The legendary guitarist and songwriter of the Who might not move with the same abandon he did in the band's glory days of the 1960s and '70s, but as long as he can still get his right arm swinging in that signature windmilling motion, he's not too old to rock'n'roll as one of the best ever.
Townshend proved that again on Tuesday night at the Rose Garden arena, leading the Who through nearly two hours of music for which the term classic rock describes not so much style or era as artistic and cultural stature.
From the opening Mod nugget "I Can't Explain" (the group's first single), through burly hits such as "Who Are You?" and "Won't Get Fooled Again," to a moving suite of excerpts from the pathbreaking rock opera "Tommy" that served as the encore, the show was stirring and impeccably played. If it lacked the sense of barely contained chaos that once set the Who apart, it made up for that with the weight of history these songs carry - a weight which, handled deftly, feels like comfort, not burden.

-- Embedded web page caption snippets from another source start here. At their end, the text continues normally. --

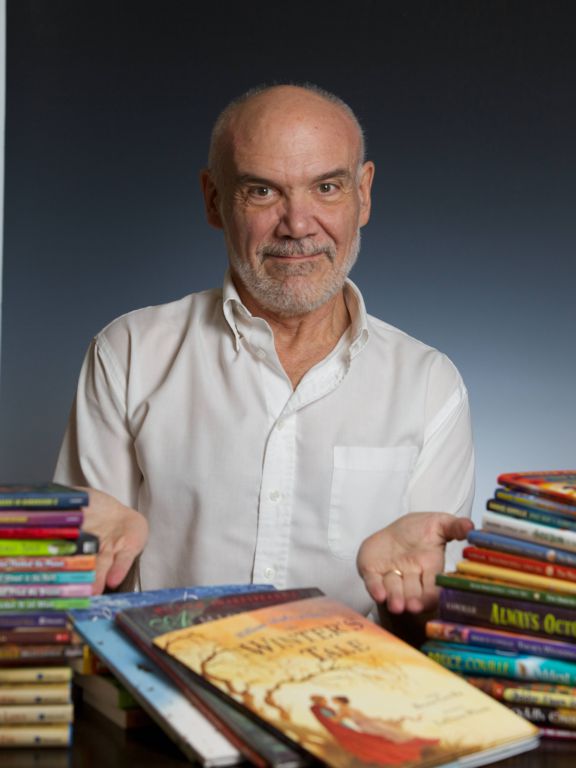 Best-Selling Author of Young-Adult Books to Keynote SUNY Oswego`s Quest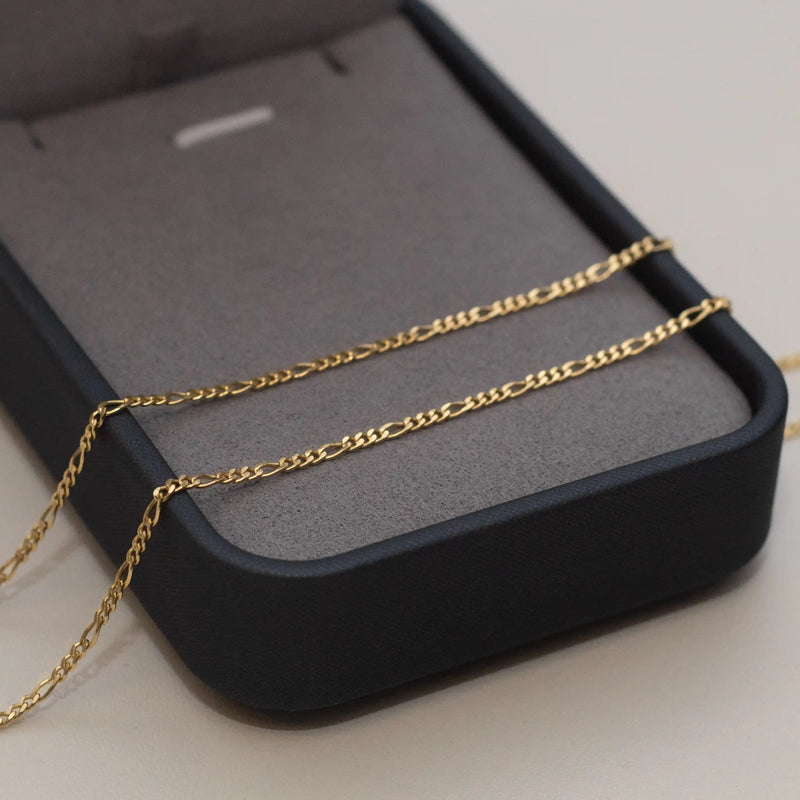 Corrente Fígaro 3x1 2mm com pingente Cruz Lisa Banhado a Ouro 18k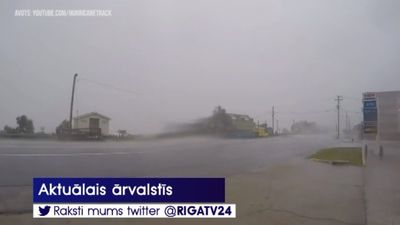 Meksikas Klusā okeāna piekrastē plosās viesuļvētra «Villa»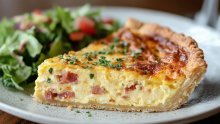 Hrskav izvana, kremast iznutra: Ovako se radi savršen quiche Lorraine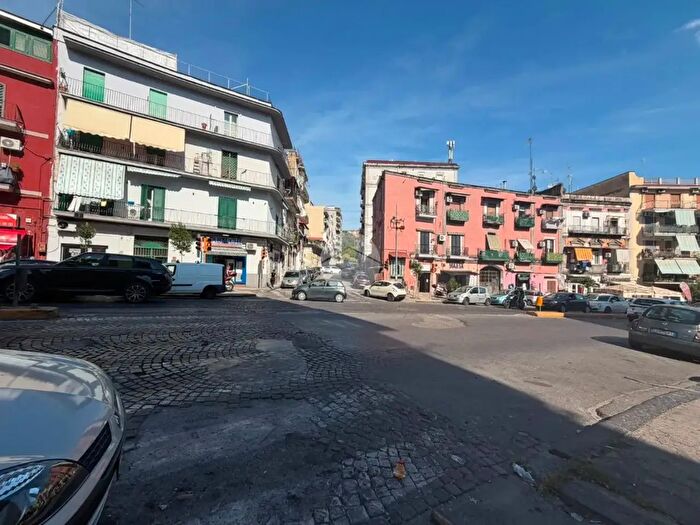 Appartamento bilocale in vendita in Via Alcide Cervi, Napoli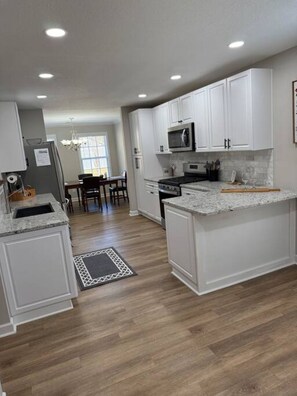 Een koelkast, een microgolfoven, een oven, een kookplaat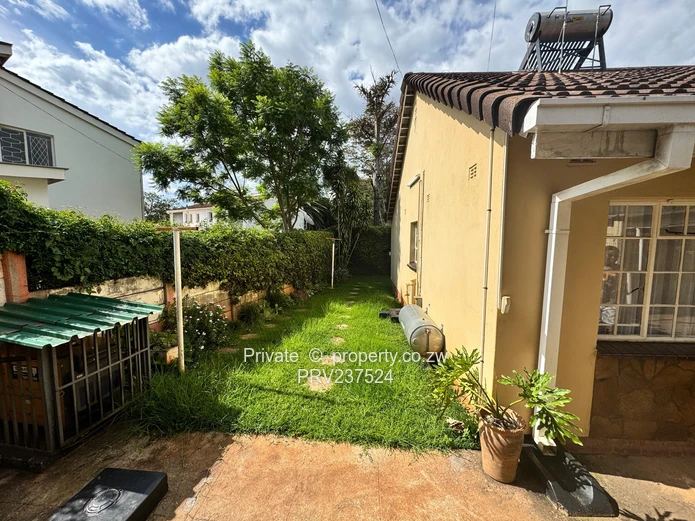 Neat Three Bedroomed Garden Flat (Sole Mandate)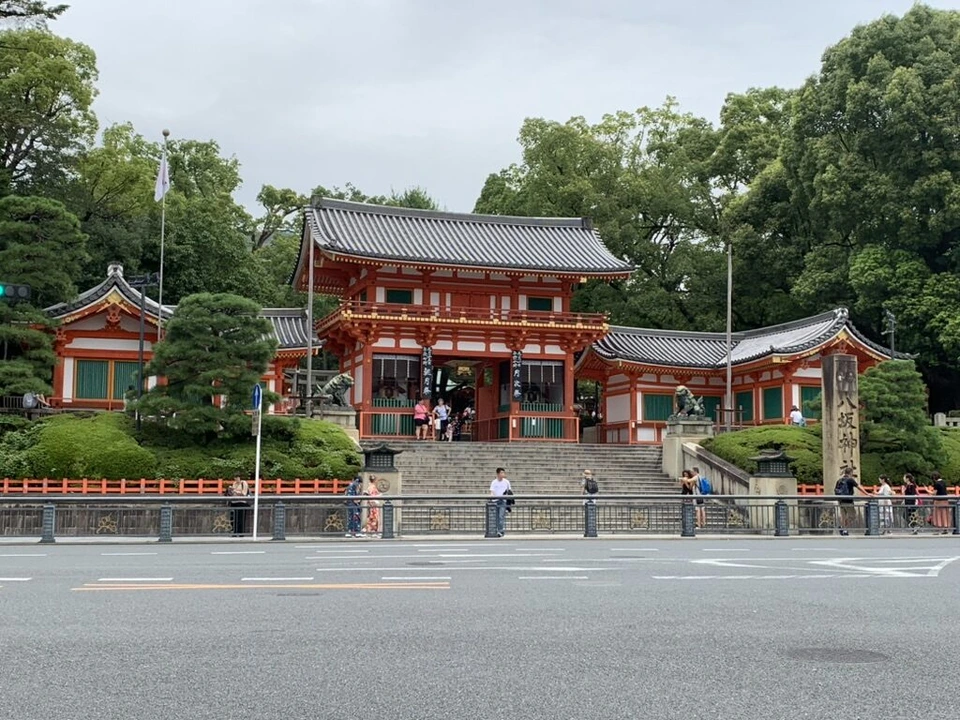 四条通の突き当たりに建つ八坂神社の朱色の西楼門と石段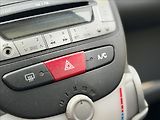 Peugeot 107 1,0 i 77tKm KLIMA SERVO - náhled 13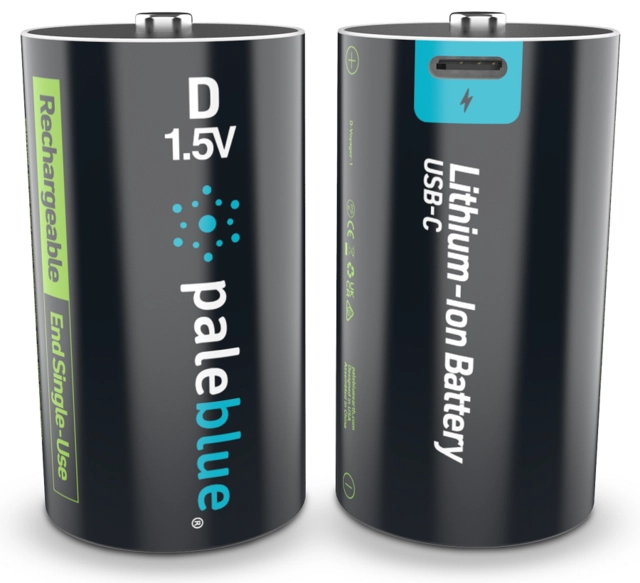 Pale Blue Voyager D Battery 2-pack of D Cell w/ 2x1 cable USB-C 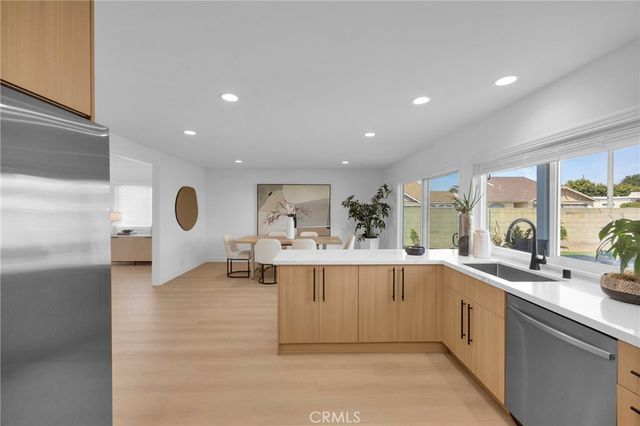 8891 Pebble Beach, Westminster, CA 92683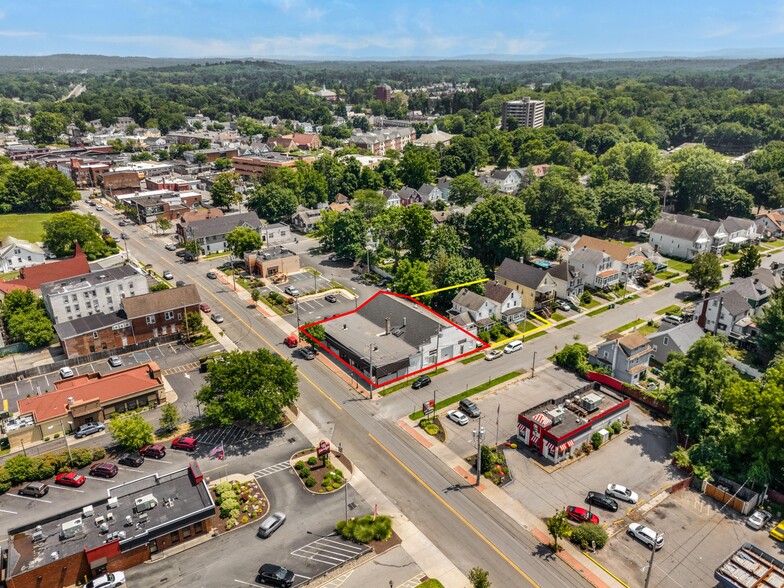 748 Main St, Poughkeepsie, NY for sale - Aerial - Image 1 of 21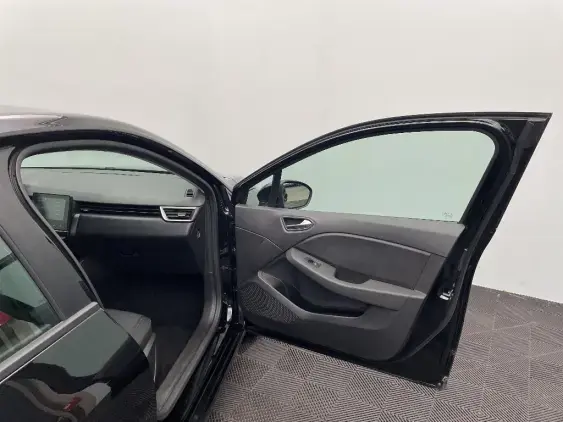 RENAULT CLIO V - voiture d'occasion - Photo 18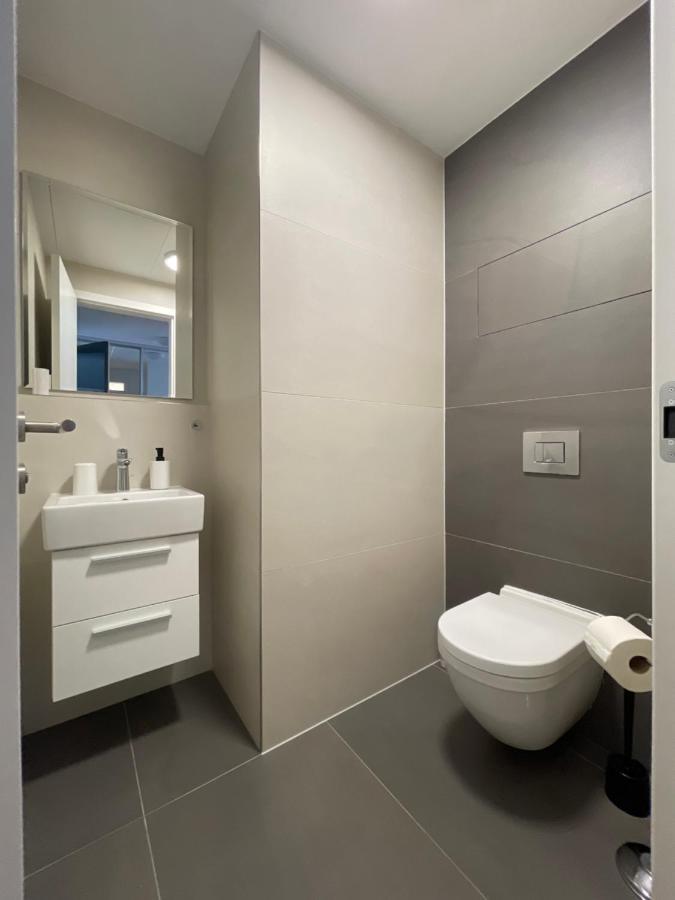 Sag Sky Park Residence Free Parking And Wi-Fi براتسيلافا المظهر الخارجي الصورة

Singer Roger Daltrey, the band's only other surviving original member, has a grainier voice than he once did, but still sang with the emotive masculinity that brings an extra dimension to the grand architecture of Townshend's songs. Bassist Pino Palladino, grown into the daunting shoes of the late, great John Entwistle, played with a rare blend of fluidity and muscularity, and absolutely nailed the fat tone and bubble-and-rumble phrasing of the solo on "My Generation." And Townshend himself played with undiminished passion, especially in the under-appreciated early '80s song "Eminence Front," in which he bent notes and leaned on them as if he wanted them to cry uncle.
As glorious as the band's history continued to sound here, the Who didn't turn its back on the present. There was much to like, too, in several songs from the forthcoming album "Endless Wire," including a compressed version of "Wire and Glass," Townshend's latest "mini-opera."
After all, however iconic the image of Townshend's windmilling arm may be, it's what keeps turning in his mind that matters most.